◆ The records ◆
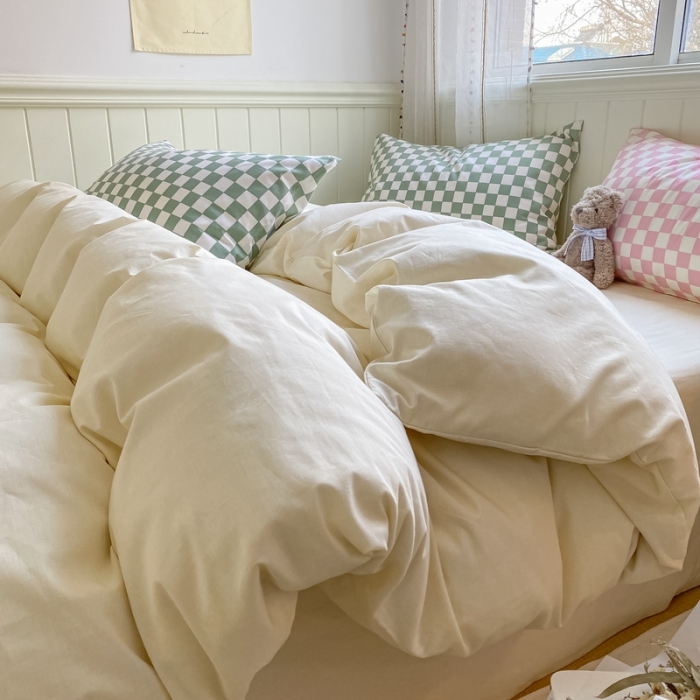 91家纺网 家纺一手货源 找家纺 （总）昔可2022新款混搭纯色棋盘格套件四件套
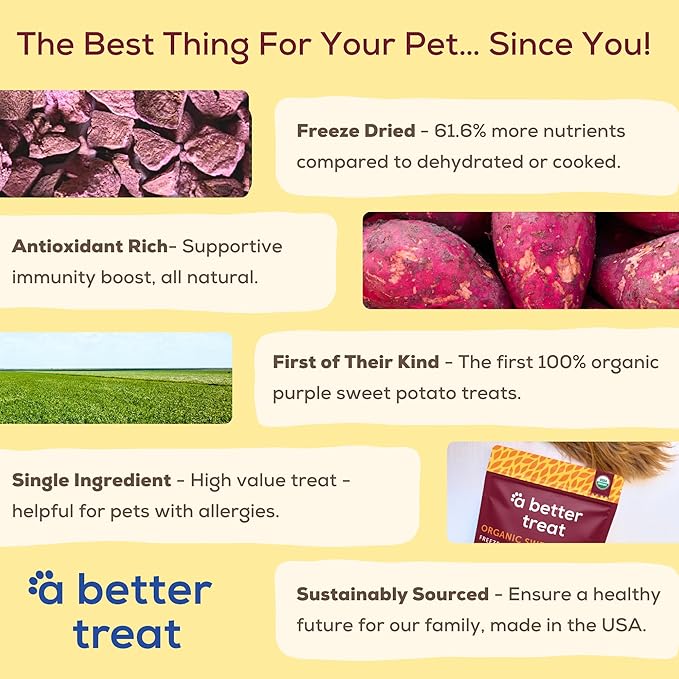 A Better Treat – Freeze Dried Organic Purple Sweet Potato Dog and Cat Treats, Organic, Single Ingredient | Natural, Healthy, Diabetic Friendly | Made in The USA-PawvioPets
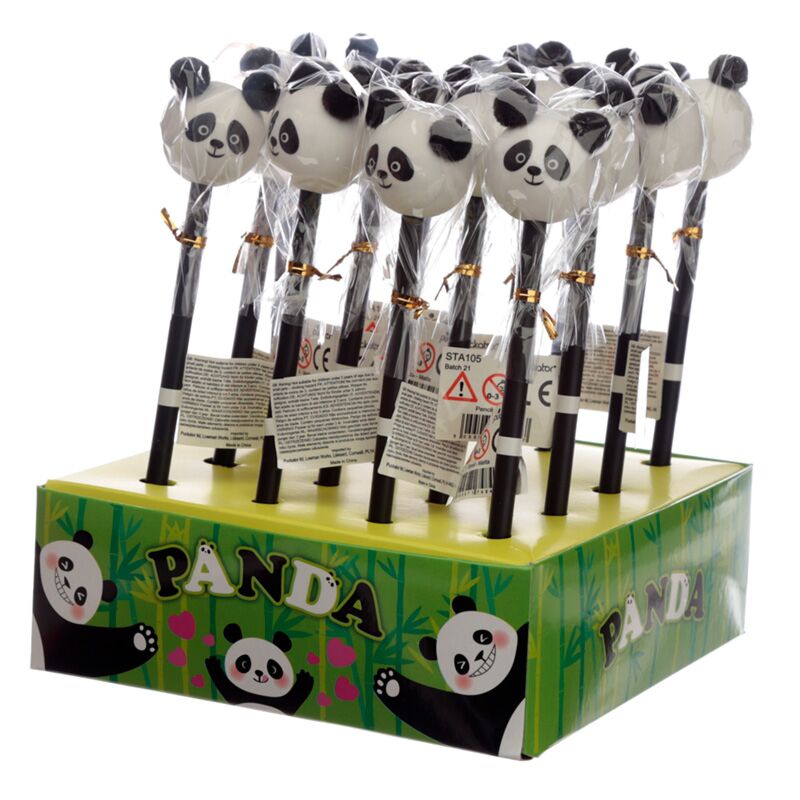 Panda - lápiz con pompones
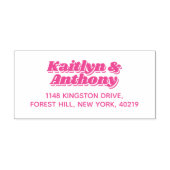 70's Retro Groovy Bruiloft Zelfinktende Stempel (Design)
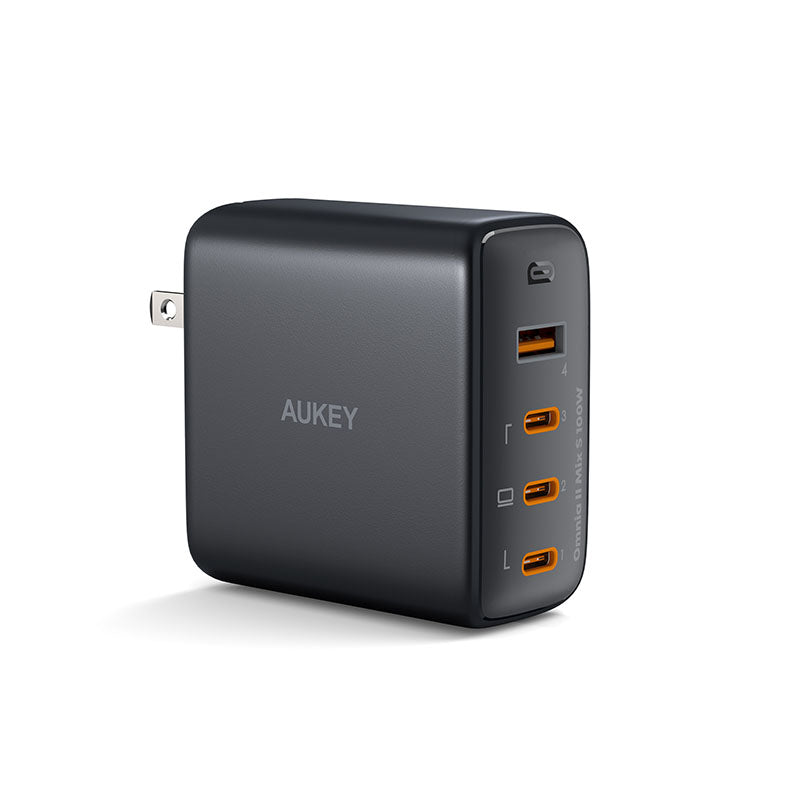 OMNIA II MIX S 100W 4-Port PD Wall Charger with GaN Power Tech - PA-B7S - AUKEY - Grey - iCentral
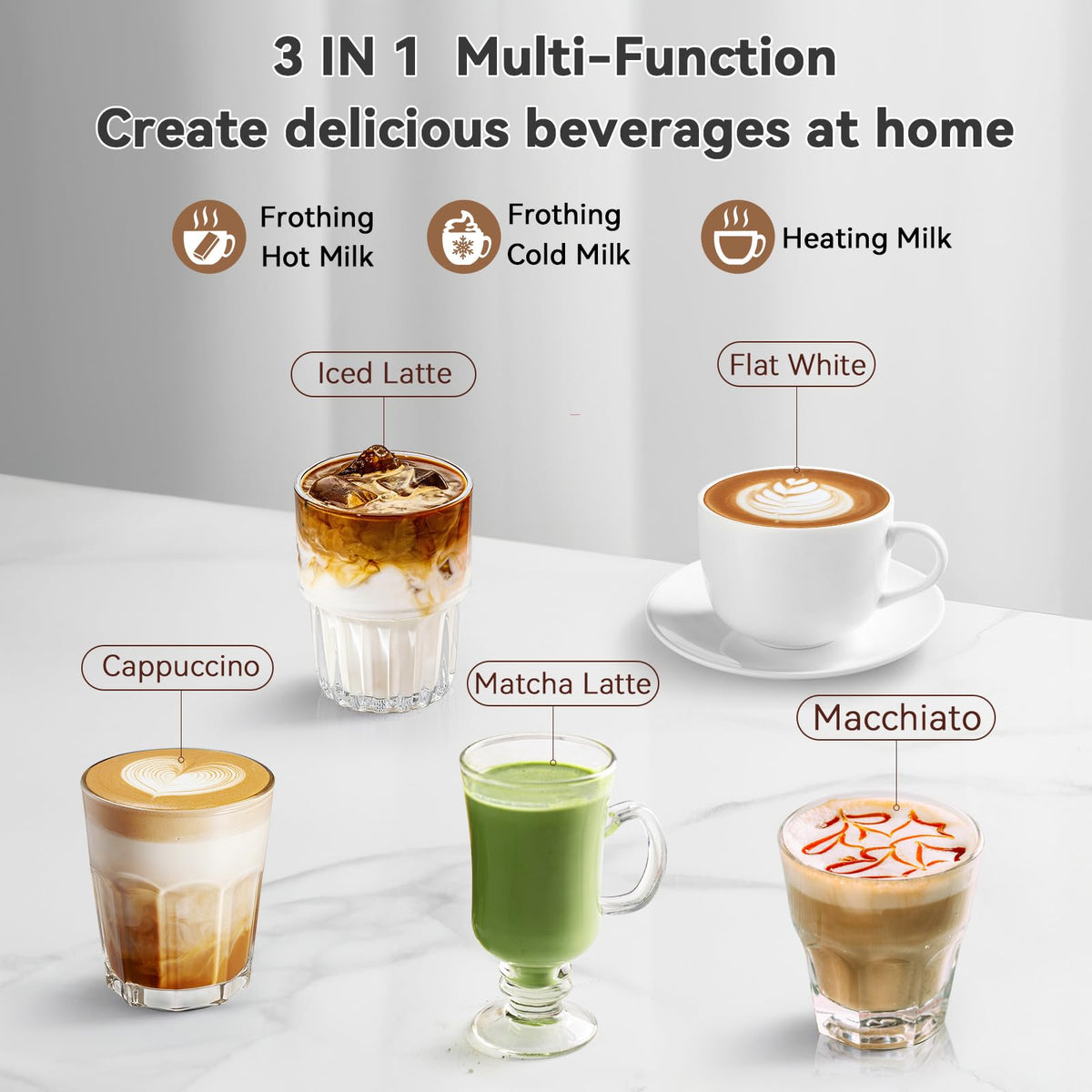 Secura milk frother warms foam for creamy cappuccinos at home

---

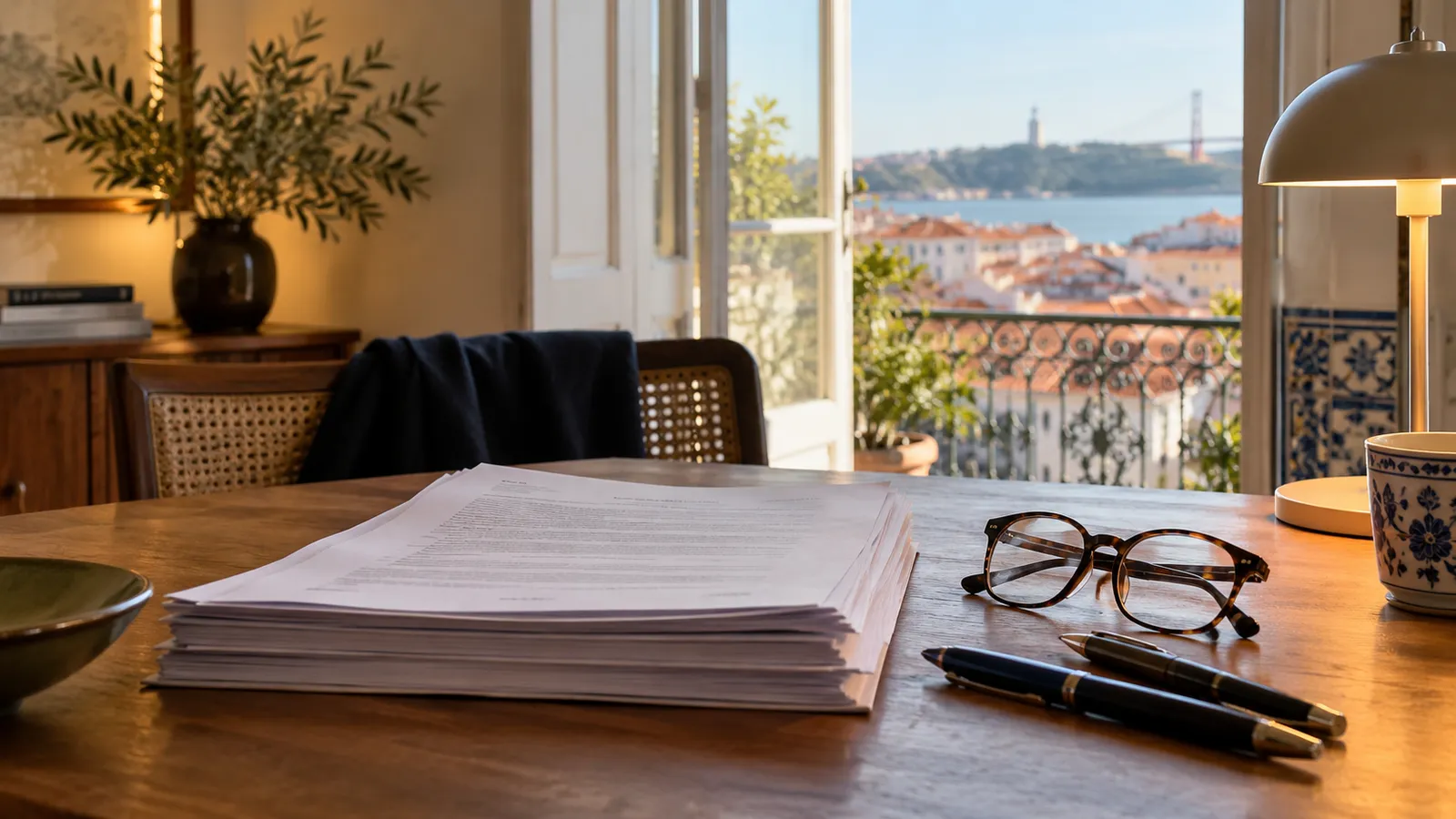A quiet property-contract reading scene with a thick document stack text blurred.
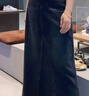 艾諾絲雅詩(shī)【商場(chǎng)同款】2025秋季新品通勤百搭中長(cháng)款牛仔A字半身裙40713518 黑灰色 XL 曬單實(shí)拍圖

==

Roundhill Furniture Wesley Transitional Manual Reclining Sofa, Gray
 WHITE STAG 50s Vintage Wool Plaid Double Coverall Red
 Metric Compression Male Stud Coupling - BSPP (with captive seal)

◆ Requirement ◆
Take the lines above starting at the one containing "91家纺网 家纺一手货源 找家纺 （总）昔可2022新款混搭纯色棋盘格套件四件套" and ending at the one containing "Secura milk frother", and print them again exactly, without pictures.

◆ Result ◆
 91家纺网 家纺一手货源 找家纺 （总）昔可2022新款混搭纯色棋盘格套件四件套
 A Better Treat – Freeze Dried Organic Purple Sweet Potato Dog and Cat Treats, Organic, Single Ingredient | Natural, Healthy, Diabetic Friendly | Made in The USA-PawvioPets
 Panda - lápiz con pompones
 70's Retro Groovy Bruiloft Zelfinktende Stempel (Design)
 OMNIA II MIX S 100W 4-Port PD Wall Charger with GaN Power Tech - PA-B7S - AUKEY - Grey - iCentral
 Secura milk frother warms foam for creamy cappuccinos at home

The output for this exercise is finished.